If an employee is unable to work or suffers a wage loss as the direct result of an impairment arising from an injury or occupational disease, the employee is entitled to receive compensation under this section, provided the employee is otherwise qualified. If an employee is not working or has suffered a wage loss as the direct result of reasons unrelated to the allowed injury or occupational disease, the employee is not eligible to receive compensation under this section. It is the intent of the general assembly to supersede any previous judicial decision that applied the doctrine of voluntary abandonment to a claim brought under this section.
R.C. 4123.56(F). The statute also contains other restrictions on qualifying for or continuing to receive an award of TTD compensation:
[P]ayment [for TTD] shall not be made for the period when any employee has returned to work, when an employee's treating physician has made a written statement that the employee is capable of returning to the employee's former position of employment, when work within the physical capabilities of the employee is made available by the employer or another employer, or when the employee has reached the maximum medical improvement.
R.C. 4123.56(A).

{¶ 64} Ohio Adm.Code 4121-3-32 governs claims procedures for TTD. Under Ohio Adm.Code 4121-3-32(A)(6), a "job offer" is defined as "a proposal, made in good faith, of suitable employment within a reasonable proximity of the injured worker's residence." Furthermore, that section provides certain procedures to be followed by an employer seeking to terminate temporary total disability compensation on the basis of a claimant's refusal of a job offer:

If the injured worker refuses an oral job offer and the employer intends to initiate proceedings to terminate temporary total disability compensation, the employer must give the injured worker a written job offer at least forty-eight hours prior to initiating proceedings. The written job offer shall identify the position offered and shall include a description of the duties required of the position and clearly specify the physical demands of the job. If the employer files a motion with the industrial commission to terminate payment of compensation, a copy of the written offer must accompany the employer's initial filing.
Ohio Adm.Code 4121-3-32(A)(6). In pertinent part, Ohio Adm.Code 4121-3-32(B)(2) provides that "temporary total disability compensation may be terminated after a hearing as follows: * * * (d) Upon the finding of a district hearing officer, staff hearing officer, deputy or the industrial commission that the employee has received a written job offer of suitable employment." R.C. 4123.56(A) "grants the commission no discretion to award TTD compensation if the employer makes an offer complying with R.C. 4123.56(A) and Ohio Adm.Code 4121-3-32(A)(6)." State ex rel. Ryan Alternative Staffing, Inc. v. Moss, 166 Ohio St.3d 467, 2021-Ohio-3539, ¶ 10.

C. Application

{¶ 65} The employer provided relator with a job offer that it claimed was within the restrictions given by relator's physician of record. Relator asserts the commission erred in terminating his TTD compensation because the job offer was neither suitable nor made in good faith.
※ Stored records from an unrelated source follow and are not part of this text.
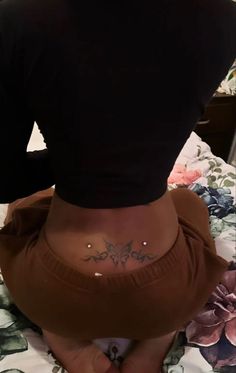 a woman with a small tattoo on her lower back and bottom part of her stomach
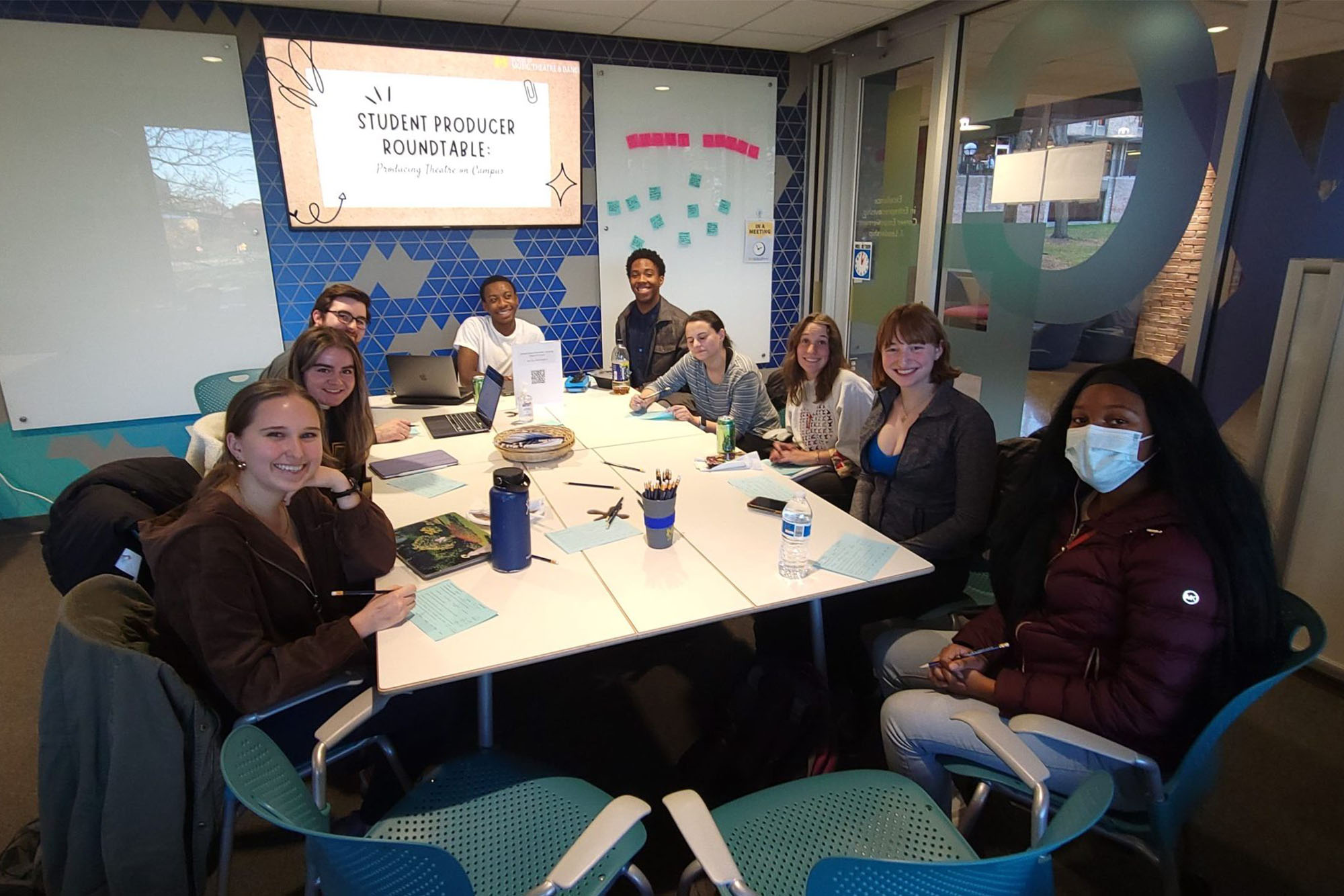 Students gathered in the EXCEL Lab around a conference table. In the background is a screen with the title "Student Producer Roundtable"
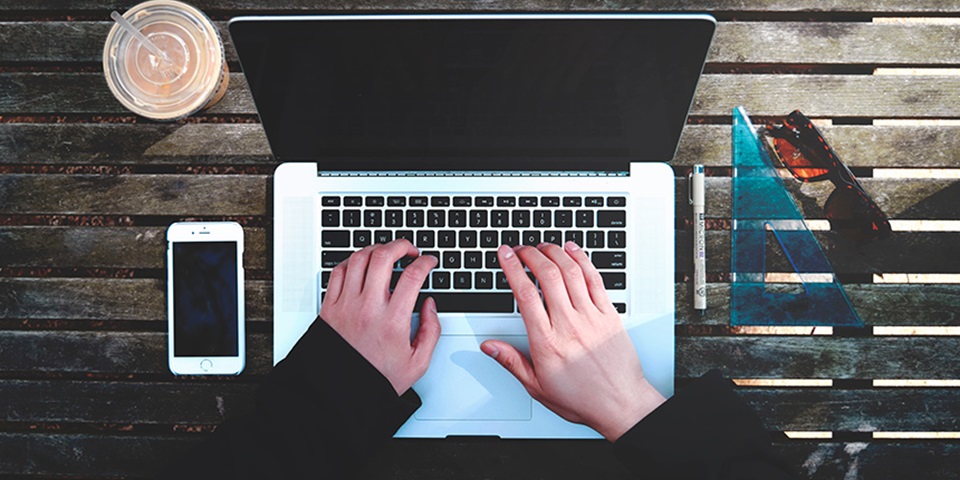 Bird's eye view of person using a laptop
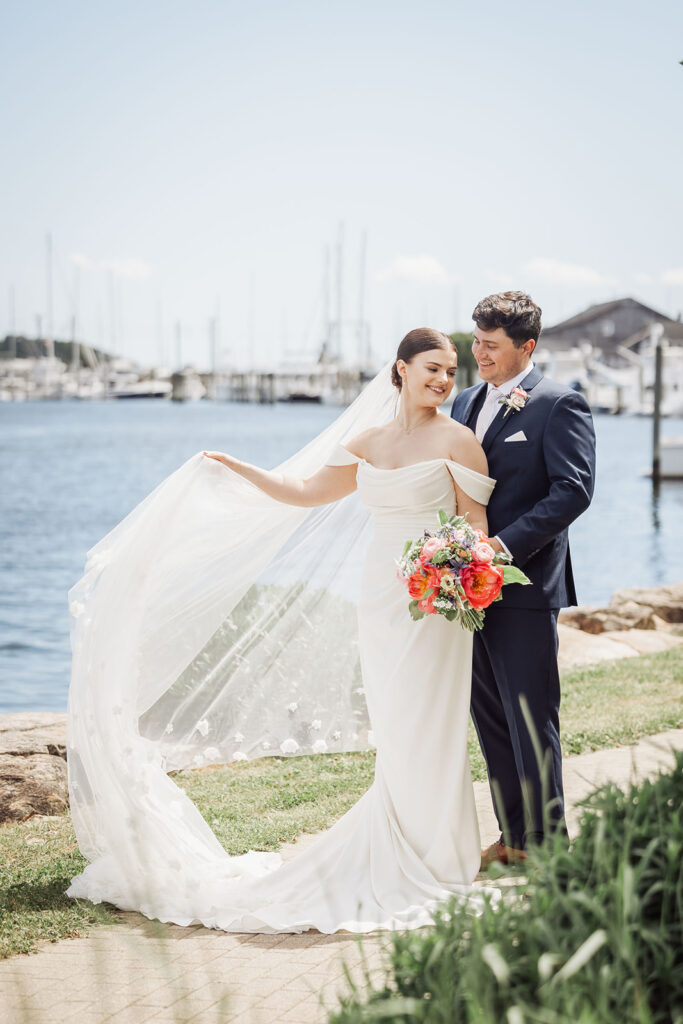 elegant waterfront bride and groom during their downtown mystic ct wedding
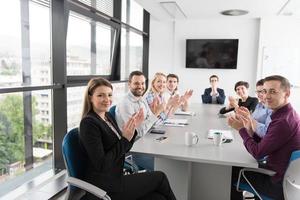 Group of young people meeting in startup office photo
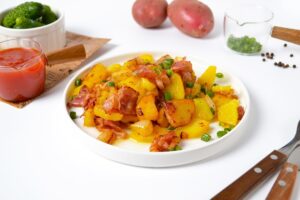 Potatoes with bacon in a pan at home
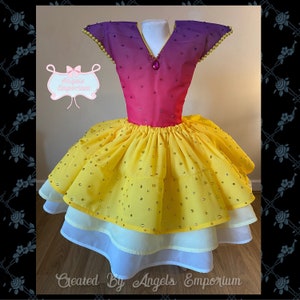 Può includere: Una gonna di tulle a strati gialla e bianca con un corpetto a gradiente di rosa e viola. Il corpetto ha una scollatura a V ed è decorato con strass. Anche la gonna è decorata con strass. L'abito è etichettato "Created By Angels Emporium".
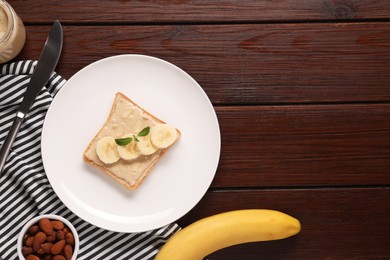 Photo of Toast with tasty nut butter, banana slices and almond flakes on wooden table, flat lay. Space for text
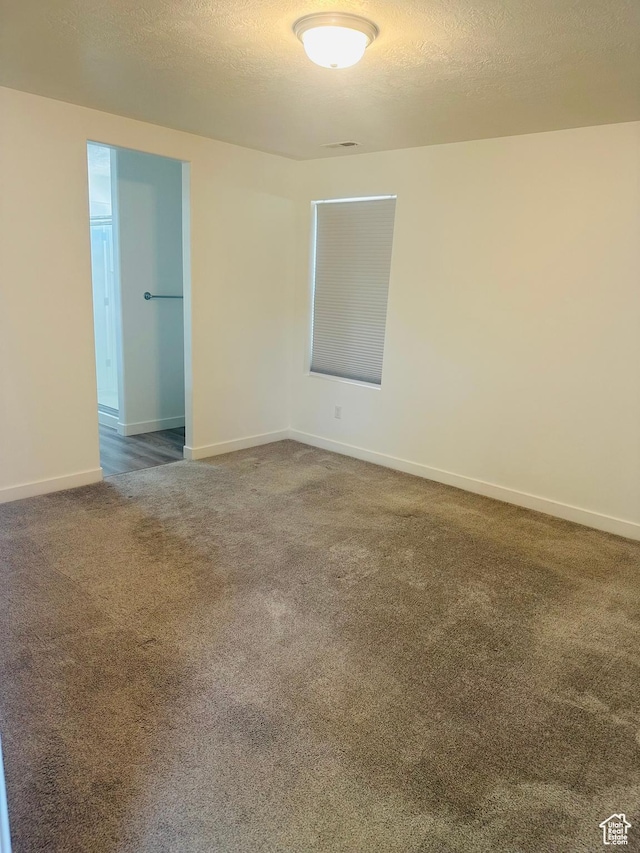 764 S 290 W, American Fork, UT 84003 - empty room featuring carpet flooring and a textured ceiling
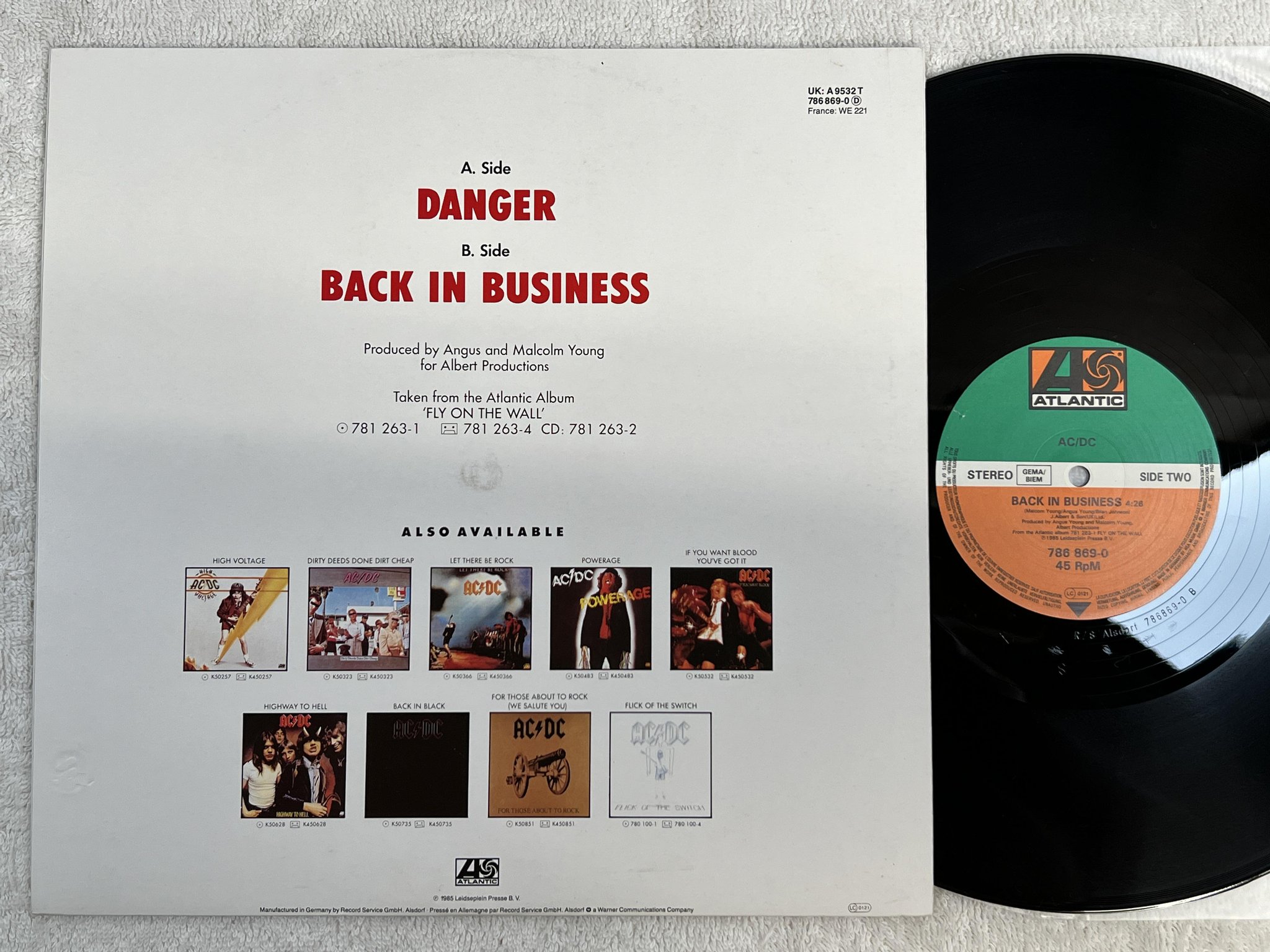 Omslagsbild för skivan AC/DC back in business 12" -85 Ger ATLANTIC 786 869-0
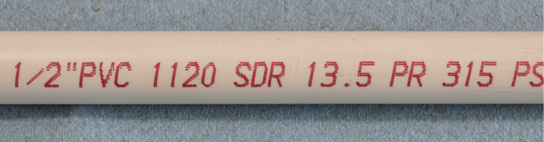 PVC pipe with specifications printed on it: 1/2 inch, 1120, SDR, 13.5, PR, 315, PS.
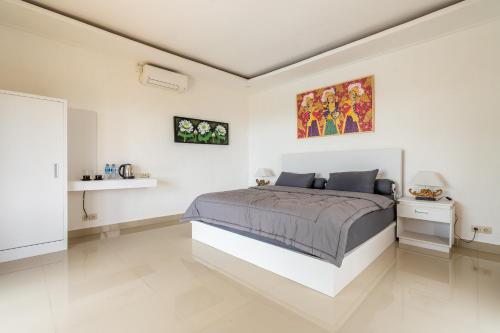 Кровать или кровати в номере Pini Sentana Village Nusa Penida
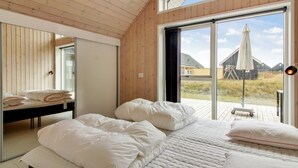 A bedroom with a large bed, a bedside table, a mirror, and a sliding glass door leading to an outdoor area.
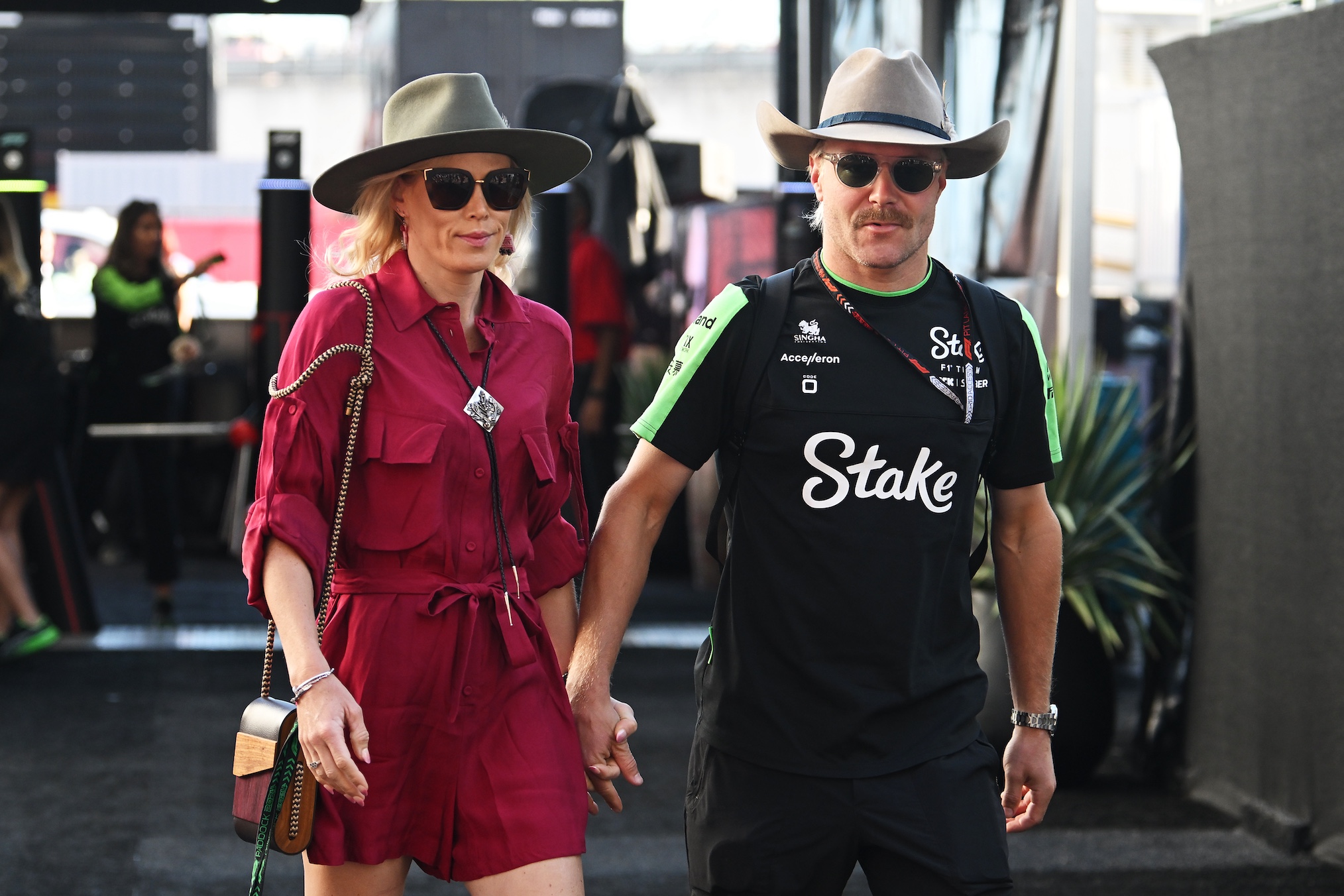 Valtteri Bottas of Finland and Stake F1 Team Kick Sauber and Tiffany Cromwell walk in the Paddock prior to the F1 Grand Prix of United States at Circuit of The Americas on October 20, 2024 in Austin, Texas.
1. Whether the Job Offer Constituted Suitable Employment

{¶ 66} Relator contends the commission abused its discretion in finding the job offer was suitable for relator because only a licensed attorney would be able to perform the work involved. Under R.C. 4123.56(A), payment for TTD compensation "shall not be made" for periods "when work within the physical capabilities of the employee is made available by the employer." The Supreme Court of Ohio has stated that R.C. 4123.56(A) only expressly requires that the work be within the claimant's medical ability, but found that R.C. 4123.56 "must be read in pari materia with the Ohio Administrative Code provision that supplements it," i.e., Ohio Adm.Code 4121-3-32. State ex rel. Ellis Super Valu, Inc. v. Indus. Comm., 115 Ohio St.3d 224, 2007-Ohio-4920, ¶ 13. See State ex rel. Scott v. Indus. Comm., 10th Dist. No. 07AP-1041, 2008-Ohio-4104, ¶ 15 (finding that "Ohio Adm.Code 4121-3-32(B) must be read in conjunction with Ohio Adm.Code 4121-3-32(A)" such that any job offer of suitable employment must be "reduced to writing before terminating TTD compensation").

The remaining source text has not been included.